The isolation runs deeper than geography. Specialized professionals, such as quality managers, are typically placed one per location, meaning they have no in-person peer community to turn to when pursuing career growth. Without a shared platform to engage through, those professionals were effectively working in silos and unable to benchmark their growth, share best practices, or connect meaningfully around professional development. Lin Burton, Chief Learning Officer at Federal Prison Industries says, "our quality managers, there's only one at each location. And so as a professional group, they're very isolated, and that presents some really interesting challenges when it comes to learning and development."
Why Cornerstone
When FPI implemented Cornerstone, what rose to the surface most immediately was not a specific feature; it was the power of connection.
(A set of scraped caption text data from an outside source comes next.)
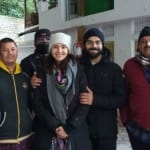 कैंची धाम पहुंचे अनुष्का और विराट कोहली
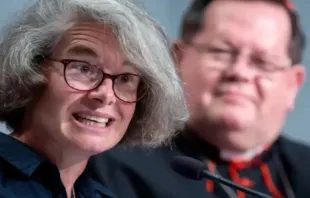 Irmã Nathalie Becquart durante uma entrevista em Roma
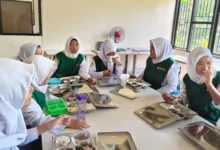 Siswa SMKN 1 Mataram sedang menyantap sajian MBG.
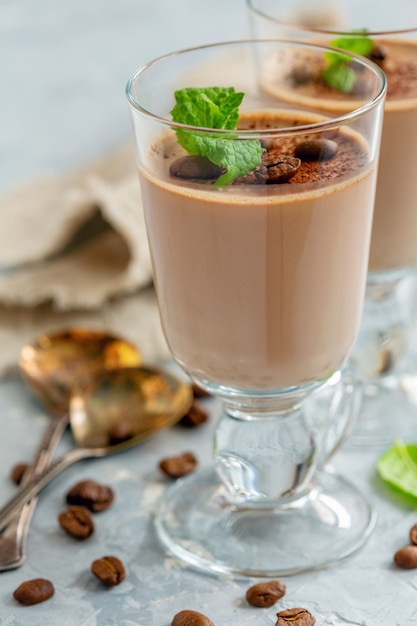 Panna cotta de café con una ramita de menta en el vaso.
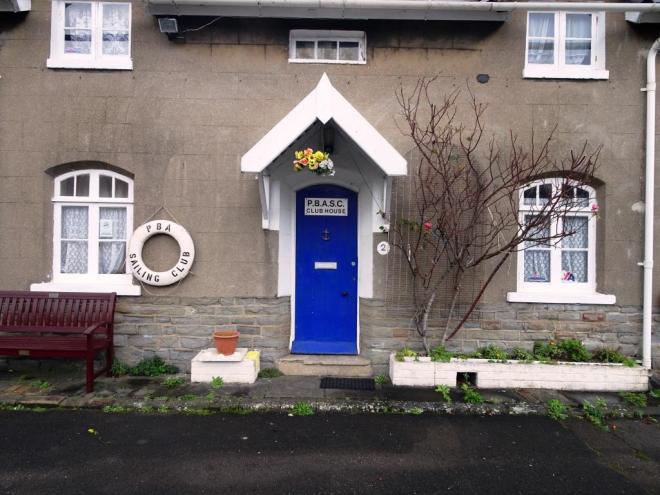 Blue door, keyside cottage, Bristol, December 2018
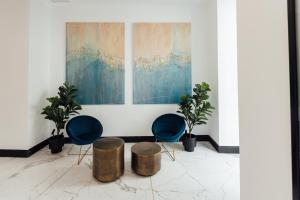 pokój z 2 krzesłami i 2 stołkami w obiekcie RS Boutique Apartments w Alicante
For the first time, staff members who had never been able to engage as a professional community could see where they stood in their development, have meaningful conversations about growth, and access real-time data on what they had completed and where they were headed.
Equally important was the partnership ecosystem that came alongside the platform. Burton is clear that Cornerstone's value at FPI is not just technological; it is relational. The organization works closely with eSkillz, a Cornerstone partner and Burton notes, "I can't imagine where we would be if we didn't have those relationships in place. It's made a difference and actually comprises half of my team at this point."
The results
One trusted source for learning
Before Cornerstone, FPI's staff had no single, reliable place to go for their learning needs. The platform resolved that immediately. Having one dependable platform, where employees can find content, track their progress, and plan their development, has built confidence and consistency across the organization.
Analytics that drive decisions
The Cornerstone analytics capabilities have been transformative for Burton's team and the subject matter experts they support. Historically, answering a question as fundamental as "how many people have taken this course and where are they located?" Burton says "that would've been a week-long exercise in the past for me, and it changed it to less than an hour. Answering back to the customer so quickly means they're gaining confidence in what they can get and receive."
Burton also values the way analytics scales with organizational maturity, allowing users to deepen their engagement with data as their confidence grows and making it accessible to subject matter experts who may not have a background in reporting and analysis.
Extending training beyond the classroom
One of the most meaningful outcomes of FPI's Cornerstone implementation has been its reach beyond the 800 staff members who manage daily factory operations. The quality and rigor of the training content developed inside Cornerstone has allowed FPI to package and extend that material to the more than 11,000 incarcerated individuals who are actively preparing to return to their communities.
A leadership mindset shift
Perhaps the most telling indicator of success is the change in how FPI's senior leaders engage with learning data. Where conversations once focused narrowly on compliance, making sure employees completed required training, leadership is now asking entirely different questions. Burton says "they're more looking into what performance needs are and less into what compliance needs are, and that's a huge shift. It's a people shift, which is really important in the work that we do."
That evolution, from checking boxes to building capability, represents the kind of cultural transformation that learning leaders strive for. For Federal Prison Industries, Cornerstone has been the catalyst.